Previously, the same department was under ransomware attack on April 23rd, 2018, in which unknown hackers compromised its computer systems and locked sensitive data including records containing information about ongoing investigations.
However, on May 3rd, hackers targeted Ohio’s Riverside police and fire servers once again and infected its system with malware. The news of this attack was only made public on Thursday, May 10 when the U.S. Secret Service agents begin their investigations into the attack.
Reportedly, the second attack was less damaging than the one that crippled the city’s server last month. According to City Manager Mark Carpenter, it is unclear how the attack took place and exactly what happened during the attack since the matter is still under investigation. However, he confirmed that it was a malware attack leading to ransomware infection.
See: How To Prevent Growing Issue of Encryption Based Malware (Ransomware)
In a ransomware attack, a targeted computer system is compromised and taken over by attackers to display ransom note. In most cases, attackers demand ransom in Bitcoin due to its untraceable transaction system while demands in Monero cryptocurrency have also increased recently.
In the city of Riverside’s case, it is unclear if there was any ransom demand from the attackers though Carpenter confirmed that attackers were able to wipe out eight hours worth of data from the server. The good news, however, is that the city kept a back up of its data.
“Everything was backed-up, but we lost about eight hours worth of information we have to re-enter,” he said. “It was our police and fire records, so we just re-enter the reports,” said Carpenter.
This is not the first time when a Police department in the United States has come under ransomware attack. Last year, Cocker Hill’s Police Department lost crucial digital evidence after its computer system was held to ransom and there was no backup.
What would you do should your system has been infected with ransomware?
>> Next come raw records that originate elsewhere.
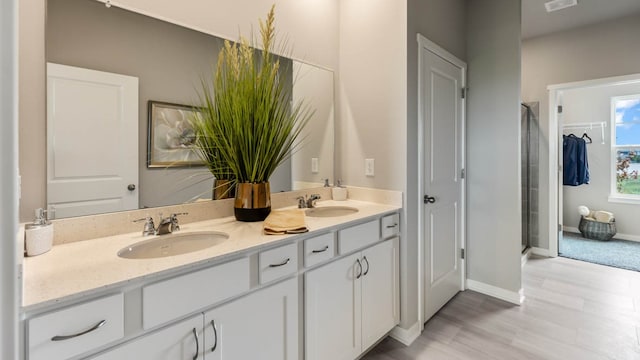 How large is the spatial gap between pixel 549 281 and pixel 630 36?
274 centimetres

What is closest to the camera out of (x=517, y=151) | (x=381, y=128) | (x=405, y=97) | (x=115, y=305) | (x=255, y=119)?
(x=115, y=305)

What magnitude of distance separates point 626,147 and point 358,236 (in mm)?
4994

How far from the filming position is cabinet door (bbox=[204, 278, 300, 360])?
3.51ft

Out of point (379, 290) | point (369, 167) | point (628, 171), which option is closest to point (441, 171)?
point (369, 167)

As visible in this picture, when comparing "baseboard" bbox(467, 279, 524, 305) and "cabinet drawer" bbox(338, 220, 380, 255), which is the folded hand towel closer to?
"cabinet drawer" bbox(338, 220, 380, 255)

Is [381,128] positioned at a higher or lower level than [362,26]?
lower

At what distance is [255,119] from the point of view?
4.99 ft

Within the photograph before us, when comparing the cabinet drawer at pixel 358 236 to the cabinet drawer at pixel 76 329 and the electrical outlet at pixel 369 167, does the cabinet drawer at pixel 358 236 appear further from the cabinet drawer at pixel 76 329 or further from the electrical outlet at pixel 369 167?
the cabinet drawer at pixel 76 329

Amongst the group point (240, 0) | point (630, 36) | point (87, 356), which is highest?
point (630, 36)

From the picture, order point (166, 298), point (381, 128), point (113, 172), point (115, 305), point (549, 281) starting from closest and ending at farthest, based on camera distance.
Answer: point (115, 305) < point (166, 298) < point (113, 172) < point (381, 128) < point (549, 281)

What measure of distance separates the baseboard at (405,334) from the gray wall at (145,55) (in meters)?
1.51

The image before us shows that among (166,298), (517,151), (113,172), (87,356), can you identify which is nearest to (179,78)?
(113,172)

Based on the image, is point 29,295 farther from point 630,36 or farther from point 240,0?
point 630,36

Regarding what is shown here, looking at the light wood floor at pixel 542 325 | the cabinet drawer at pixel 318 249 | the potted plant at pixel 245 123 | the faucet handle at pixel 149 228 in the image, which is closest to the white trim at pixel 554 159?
the light wood floor at pixel 542 325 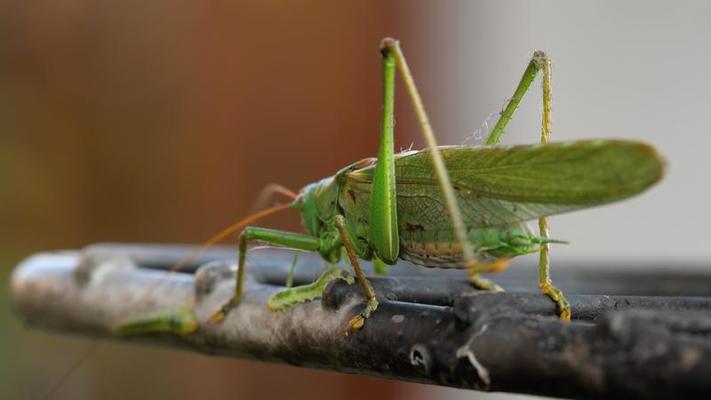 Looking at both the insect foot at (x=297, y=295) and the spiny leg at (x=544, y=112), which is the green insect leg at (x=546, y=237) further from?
the insect foot at (x=297, y=295)

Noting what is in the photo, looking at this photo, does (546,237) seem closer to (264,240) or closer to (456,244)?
(456,244)

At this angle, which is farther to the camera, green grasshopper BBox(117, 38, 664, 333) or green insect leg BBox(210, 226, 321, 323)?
green insect leg BBox(210, 226, 321, 323)

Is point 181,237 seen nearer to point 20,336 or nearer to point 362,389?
point 20,336

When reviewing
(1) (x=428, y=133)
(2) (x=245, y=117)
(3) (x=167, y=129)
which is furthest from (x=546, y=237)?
(3) (x=167, y=129)

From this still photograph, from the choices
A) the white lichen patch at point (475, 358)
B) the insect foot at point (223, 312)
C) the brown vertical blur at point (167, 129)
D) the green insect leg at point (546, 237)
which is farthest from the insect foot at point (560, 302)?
the brown vertical blur at point (167, 129)

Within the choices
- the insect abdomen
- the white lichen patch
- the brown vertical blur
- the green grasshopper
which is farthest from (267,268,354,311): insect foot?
the brown vertical blur

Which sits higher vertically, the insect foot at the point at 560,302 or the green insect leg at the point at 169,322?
the insect foot at the point at 560,302

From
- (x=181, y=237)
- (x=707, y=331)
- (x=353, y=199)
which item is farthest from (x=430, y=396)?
(x=707, y=331)

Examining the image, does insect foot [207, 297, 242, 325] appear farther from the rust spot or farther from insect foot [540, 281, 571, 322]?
insect foot [540, 281, 571, 322] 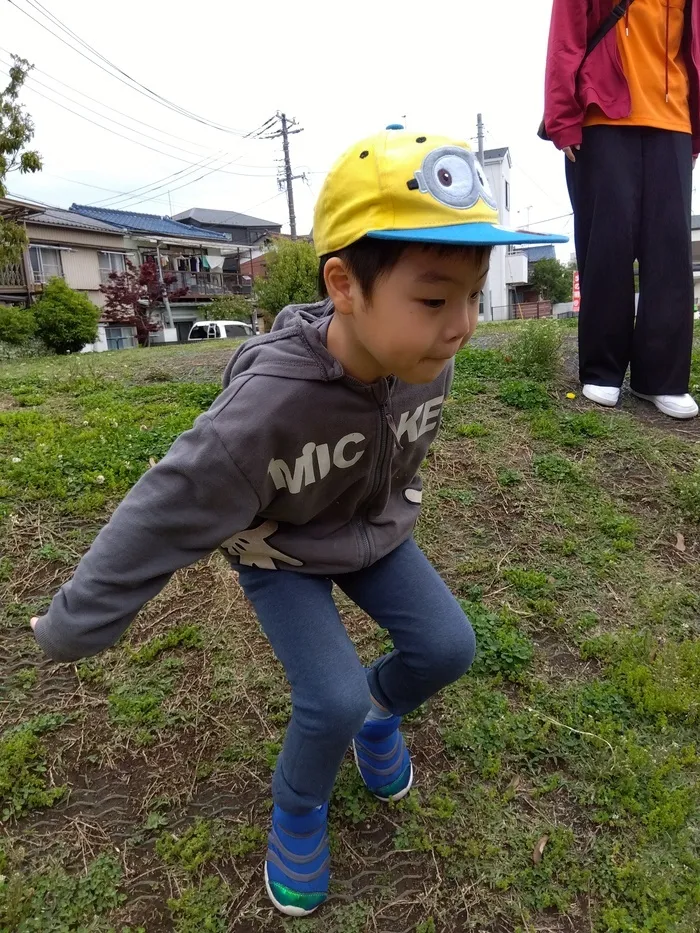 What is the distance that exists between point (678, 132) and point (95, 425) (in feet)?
11.8

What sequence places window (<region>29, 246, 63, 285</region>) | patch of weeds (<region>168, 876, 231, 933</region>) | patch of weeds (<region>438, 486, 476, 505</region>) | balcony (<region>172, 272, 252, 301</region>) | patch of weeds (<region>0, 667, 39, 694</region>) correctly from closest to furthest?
1. patch of weeds (<region>168, 876, 231, 933</region>)
2. patch of weeds (<region>0, 667, 39, 694</region>)
3. patch of weeds (<region>438, 486, 476, 505</region>)
4. window (<region>29, 246, 63, 285</region>)
5. balcony (<region>172, 272, 252, 301</region>)

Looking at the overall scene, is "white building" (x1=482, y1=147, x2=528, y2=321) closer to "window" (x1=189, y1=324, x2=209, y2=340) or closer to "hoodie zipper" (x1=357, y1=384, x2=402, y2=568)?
"window" (x1=189, y1=324, x2=209, y2=340)

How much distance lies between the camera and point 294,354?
5.00 feet

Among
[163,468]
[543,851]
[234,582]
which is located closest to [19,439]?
[234,582]

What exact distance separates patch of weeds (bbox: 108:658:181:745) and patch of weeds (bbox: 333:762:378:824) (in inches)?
24.5

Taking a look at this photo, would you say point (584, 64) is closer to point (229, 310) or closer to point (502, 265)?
point (229, 310)

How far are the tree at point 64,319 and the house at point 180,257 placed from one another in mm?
11489

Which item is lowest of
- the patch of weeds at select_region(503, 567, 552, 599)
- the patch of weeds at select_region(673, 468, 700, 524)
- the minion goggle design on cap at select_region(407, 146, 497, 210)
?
the patch of weeds at select_region(503, 567, 552, 599)

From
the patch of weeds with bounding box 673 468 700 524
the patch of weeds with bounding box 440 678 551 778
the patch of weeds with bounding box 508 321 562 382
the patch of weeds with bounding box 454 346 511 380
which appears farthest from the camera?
the patch of weeds with bounding box 454 346 511 380

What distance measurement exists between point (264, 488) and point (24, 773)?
4.10 ft

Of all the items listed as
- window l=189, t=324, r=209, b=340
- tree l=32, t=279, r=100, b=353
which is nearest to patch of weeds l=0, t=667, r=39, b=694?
tree l=32, t=279, r=100, b=353

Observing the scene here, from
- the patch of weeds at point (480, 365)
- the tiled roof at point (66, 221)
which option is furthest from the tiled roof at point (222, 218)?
the patch of weeds at point (480, 365)

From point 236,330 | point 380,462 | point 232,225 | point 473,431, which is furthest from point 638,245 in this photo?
point 232,225

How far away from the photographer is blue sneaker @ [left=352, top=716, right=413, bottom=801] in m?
1.89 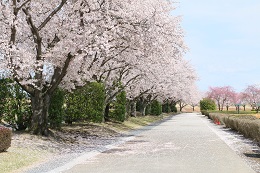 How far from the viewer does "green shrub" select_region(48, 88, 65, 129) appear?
23.2m

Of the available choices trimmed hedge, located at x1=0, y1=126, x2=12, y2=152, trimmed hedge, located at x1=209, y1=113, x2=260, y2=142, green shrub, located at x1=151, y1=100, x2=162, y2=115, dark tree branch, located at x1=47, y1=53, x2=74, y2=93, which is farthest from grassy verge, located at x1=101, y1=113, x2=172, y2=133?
green shrub, located at x1=151, y1=100, x2=162, y2=115

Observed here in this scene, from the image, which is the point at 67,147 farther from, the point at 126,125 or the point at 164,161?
the point at 126,125

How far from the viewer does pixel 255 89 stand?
5576 inches

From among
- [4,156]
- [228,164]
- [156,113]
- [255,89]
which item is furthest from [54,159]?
[255,89]

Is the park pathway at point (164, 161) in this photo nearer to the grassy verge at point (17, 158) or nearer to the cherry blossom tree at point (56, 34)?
the grassy verge at point (17, 158)

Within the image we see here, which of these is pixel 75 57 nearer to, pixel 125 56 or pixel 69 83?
pixel 69 83

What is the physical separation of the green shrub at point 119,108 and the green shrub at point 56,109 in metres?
13.5

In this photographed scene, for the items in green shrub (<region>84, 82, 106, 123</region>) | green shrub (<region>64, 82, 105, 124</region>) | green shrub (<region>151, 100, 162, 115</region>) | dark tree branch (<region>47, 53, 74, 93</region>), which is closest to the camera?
dark tree branch (<region>47, 53, 74, 93</region>)

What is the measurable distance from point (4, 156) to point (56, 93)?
31.8 feet

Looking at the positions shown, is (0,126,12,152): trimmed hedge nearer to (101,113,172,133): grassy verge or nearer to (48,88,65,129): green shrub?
(48,88,65,129): green shrub

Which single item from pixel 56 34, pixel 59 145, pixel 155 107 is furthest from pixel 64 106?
→ pixel 155 107

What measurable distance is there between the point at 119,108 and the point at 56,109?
561 inches

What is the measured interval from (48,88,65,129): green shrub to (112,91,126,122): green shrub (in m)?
13.5

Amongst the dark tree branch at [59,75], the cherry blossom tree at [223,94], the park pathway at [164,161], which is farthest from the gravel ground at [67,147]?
the cherry blossom tree at [223,94] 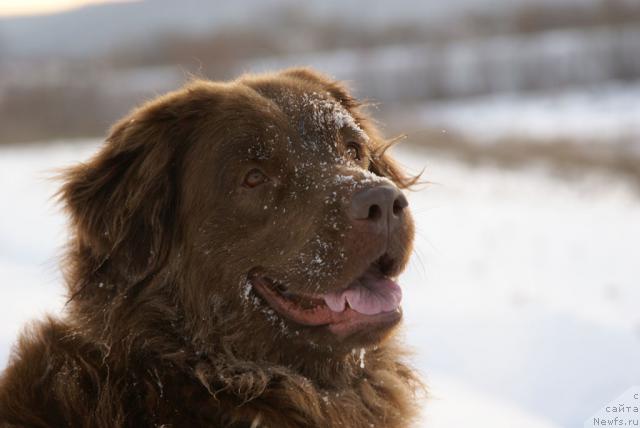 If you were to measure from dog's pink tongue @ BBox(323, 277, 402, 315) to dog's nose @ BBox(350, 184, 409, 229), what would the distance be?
1.11ft

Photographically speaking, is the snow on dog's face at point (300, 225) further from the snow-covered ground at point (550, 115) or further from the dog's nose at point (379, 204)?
the snow-covered ground at point (550, 115)

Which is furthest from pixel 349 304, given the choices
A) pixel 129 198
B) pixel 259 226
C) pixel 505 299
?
pixel 505 299

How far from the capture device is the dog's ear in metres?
3.74

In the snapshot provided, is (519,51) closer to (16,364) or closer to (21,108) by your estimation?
(21,108)

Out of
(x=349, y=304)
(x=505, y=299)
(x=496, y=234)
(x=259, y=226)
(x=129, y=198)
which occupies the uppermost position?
(x=129, y=198)

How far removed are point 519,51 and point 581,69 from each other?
9.54 m

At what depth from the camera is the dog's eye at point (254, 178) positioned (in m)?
3.92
It is a fact that FBI tells victims to pay the ransom, however, this is not the solution as it only encourages cybercriminals to boost their activities. But keeping a backup will help you big time.
Also, Kaspersky and Intel assisted by Europol and Dutch Police recently launched an anti-ransomware website ‘No More Ransom’ in order to assist Internet users against ransomware by recovering their files for absolutely free to stop them from paying ransom to criminals.